My most current artist statement reads:

“In my After the Apocalypse: My Grandmother was a Landscape series, discarded and forgotten objects are reconfigured, braiding themes of memory, place, and identity; encouraging a shift in perspective. I am fascinated by the way objects can connect people to memories, transporting the viewer to other places and times. My process disguises the original form and purpose of objects in an attempt to bring forward new narratives or invoke emotional responses. When the objects are taken out of context and combined with other objects, I find the juxtaposed and intertwined pieces then move beyond familiar descriptions and stories about the individual parts and through interpolation and the imposition of personal emotions become something new, free of history and memory and full of suggestion and potential. Recontextualization offers up a narrative of renewal. I often use the language of conjuration when I make these peculiar fetishes. They feel like counter spells as I tried to make something meaningful or beautiful out of the shards of a broken and fragmented pasts. This work for me is about how we experience objects and hold memories but also about the lifting of burdens and the promise of something new during challenging times.”

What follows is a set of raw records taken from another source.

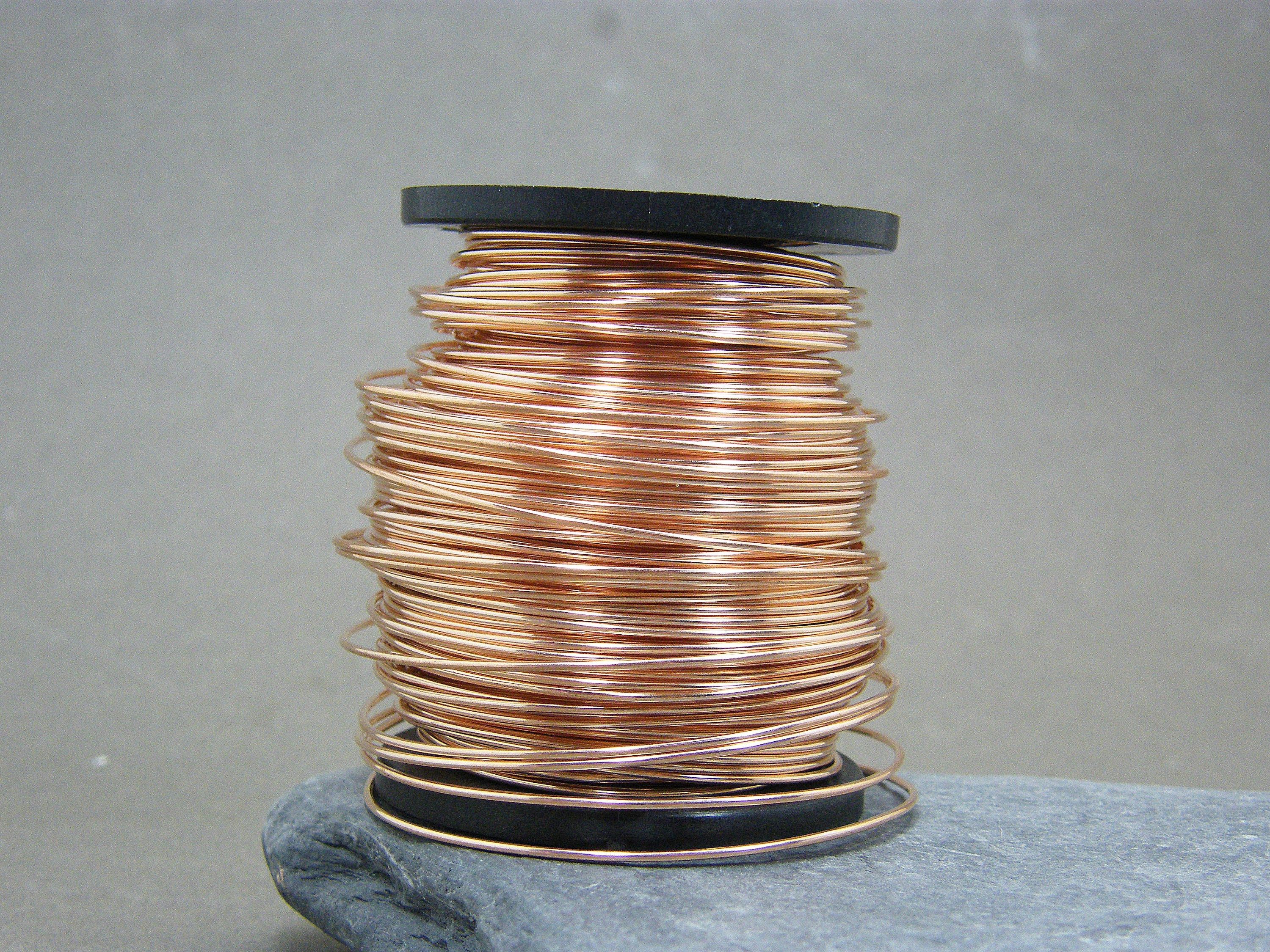 Bronze wire 1mm gauge bare bronze wire Bronze jewellery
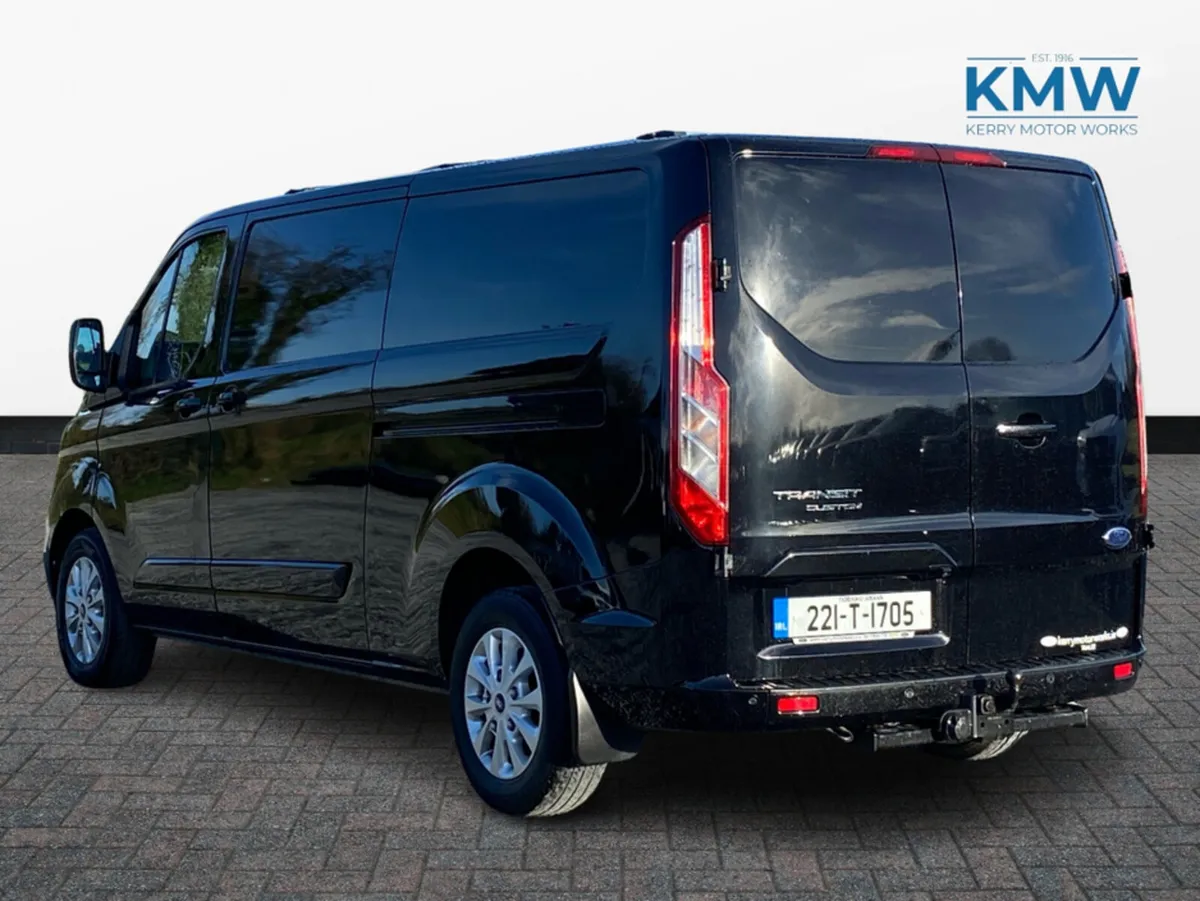 Ford Transit Custom Limited LWB 170BHP - Image 4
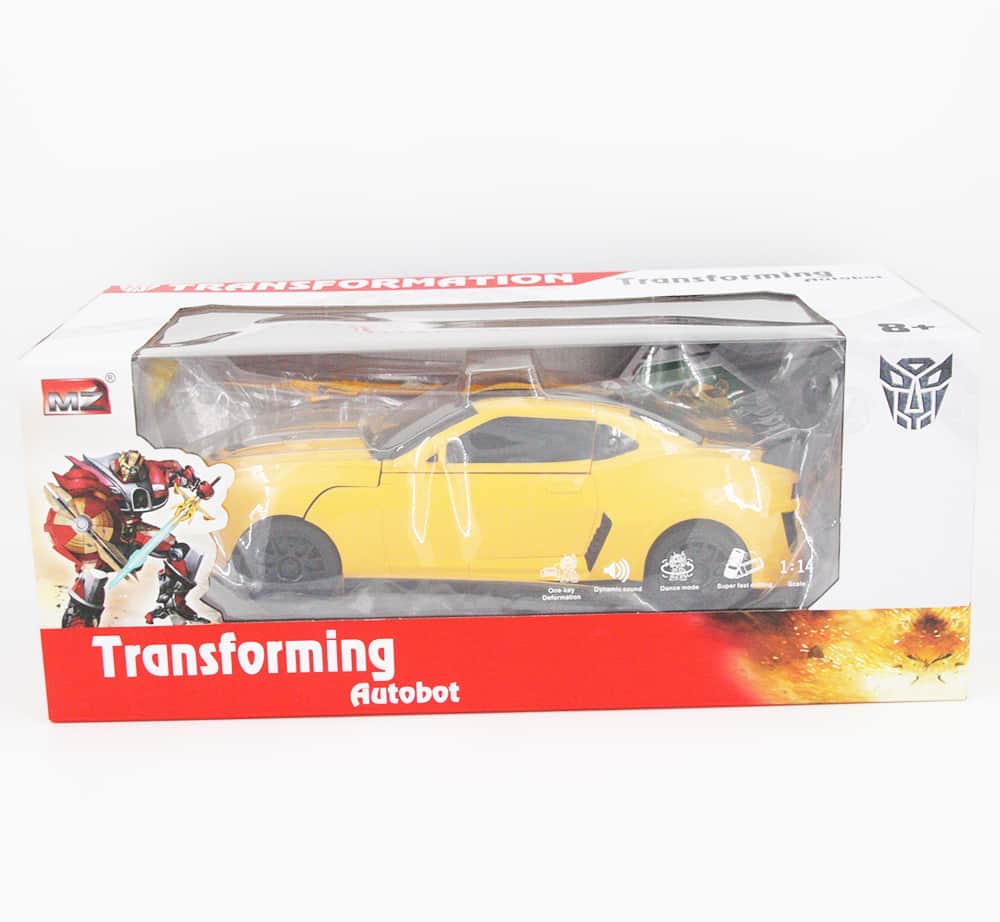 картинка Радиоуправляемый трансформер MZ Chevrolet Camaro 1:14 - 2313P 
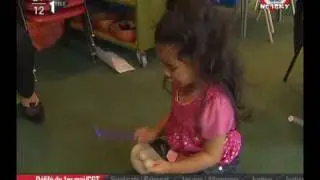 Elise nosegbe-Roberts 2 ans 156 de QI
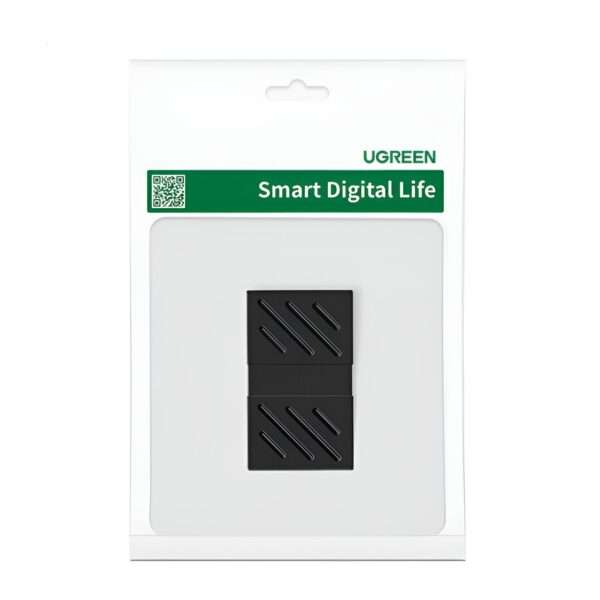 UGREEN RJ45 1Gbps Ethernet Cable Extender Adapter - Black - Image 6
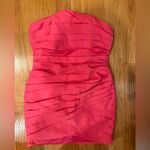 Lavish  Strapless Pink Dress Photo 0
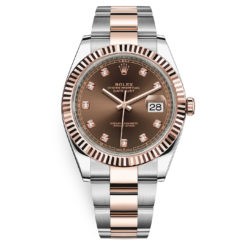 Rolex Datejust 126331 Chocolate Diamond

This is how I am approaching my studio project. Like the damaged objects I glean from the creek behind my house and combine with other objects to create new assemblage pieces that offer up narratives of reinvention and promise, I am working to find ways to reinvent, reinterpret and recontextualize the Ghost House. There will be a little reinforcement too to strengthen the bones of the old cottage. My After the Apocalypse work continues and this time on a grander scale.


It’s a shame I can’t rebuild this house with cardboard and papier mâché and grass cordage or I’d already be on my way to creating something new!